Wednesday, December 9, 2009

snapshot: tofu with spicy scallion and sesame sauce

tofu with spicy sesame and scallion sauce
i spend a lot of time cooking
intricate, million-step dishes that
make me very proud,
and usually, very tired.
the other times? i want quick
and simple options, that allow
me to sit for a few minutes when
i get home from work, and not
have to run into the kitchen,
crossing my fingers that we
eat before 10 pm.

this korean tofu is exactly
that - the longest part comes
from draining and blotting
the block of firm tofu,
which involves patience,
not skill or good form.
that's when i usually rest
(i.e. change my clothes
and watch ellen on dvr).
next, the tofu can be pan-seared
or boiled gently in water.
it's up to you and your mood.

while that's happening,
i sprinkle 2 large cloves garlic with
a large pinch of salt and let it sit 5 minutes,
before mashing them together until a paste forms.
then, in a small bowl, i whisk the paste
with 2 teaspoons of toasted sesame seeds
that have been crushed with a heavy knife,
1/4 cup thinly sliced scallions,
3 tablespoons low-sodium soy sauce,
1 tablespoon asian sesame oil,
1 teaspoon red pepper flakes
and 1/2 teaspoon sugar.*

when the tofu is ready, i spoon the spicy,
garlicky and nutty sauce over the tofu
and serve it next to some greens or
brown rice. if i'm feeling ambitious,
both sides make it to the plate,
but really, that's not what nights
like these are about.

*this sauce is yet another reason - on a very, very long list - why i am so sad to lose gourmet. the original, unadapted version of this recipe can be found here.
spicy sesame and scallion sauce

2 comments:

Anonymous said...

I'm allergic to tofu, and while that usually doesn't bother me much, I'm sad not to be able to try this (sad too, because of Gourmet---but did you know that Francis Lam is now at Salon.com and Barry Estabrook writes a food blog now called Politics of the place?
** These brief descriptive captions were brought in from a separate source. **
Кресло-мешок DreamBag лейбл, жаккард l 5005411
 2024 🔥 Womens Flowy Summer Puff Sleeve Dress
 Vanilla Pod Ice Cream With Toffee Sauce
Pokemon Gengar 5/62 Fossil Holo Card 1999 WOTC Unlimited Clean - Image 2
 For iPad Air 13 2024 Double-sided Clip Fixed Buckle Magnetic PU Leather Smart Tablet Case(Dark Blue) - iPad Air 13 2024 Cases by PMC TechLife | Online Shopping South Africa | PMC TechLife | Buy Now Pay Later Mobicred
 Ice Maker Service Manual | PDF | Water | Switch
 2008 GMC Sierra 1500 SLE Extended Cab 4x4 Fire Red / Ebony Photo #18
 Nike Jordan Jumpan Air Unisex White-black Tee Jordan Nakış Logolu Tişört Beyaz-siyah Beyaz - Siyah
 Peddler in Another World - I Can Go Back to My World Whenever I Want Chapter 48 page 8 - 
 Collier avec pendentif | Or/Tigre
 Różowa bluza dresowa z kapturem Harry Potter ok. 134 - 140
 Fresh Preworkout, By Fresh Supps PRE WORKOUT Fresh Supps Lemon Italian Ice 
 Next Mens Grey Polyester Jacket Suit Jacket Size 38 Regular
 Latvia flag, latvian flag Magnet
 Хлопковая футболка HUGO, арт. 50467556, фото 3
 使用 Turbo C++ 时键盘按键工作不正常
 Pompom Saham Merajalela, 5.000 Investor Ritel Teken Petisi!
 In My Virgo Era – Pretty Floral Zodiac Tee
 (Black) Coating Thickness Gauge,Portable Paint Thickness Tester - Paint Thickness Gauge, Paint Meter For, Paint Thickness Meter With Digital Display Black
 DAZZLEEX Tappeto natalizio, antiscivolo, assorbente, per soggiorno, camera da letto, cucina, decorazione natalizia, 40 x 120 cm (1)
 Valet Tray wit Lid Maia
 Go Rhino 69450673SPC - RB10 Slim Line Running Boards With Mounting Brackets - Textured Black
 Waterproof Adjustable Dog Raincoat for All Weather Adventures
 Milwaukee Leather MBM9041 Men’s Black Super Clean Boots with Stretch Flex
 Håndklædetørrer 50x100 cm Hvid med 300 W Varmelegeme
Don't know if any other Gourment writers have found work elsewhere..)

brooke said...

i'm a huge fan of tofu, but for this recipe, i believe it's the sauce that makes the whole thing work. i bet it would taste just as delicious on shrimp, vegetables (like zucchini and eggplant) or chicken. i've never tried before, but i think i would marinate with half the mixture (without the suar) before cooking, then stir half the amount of sugar in and drizzle with the rest.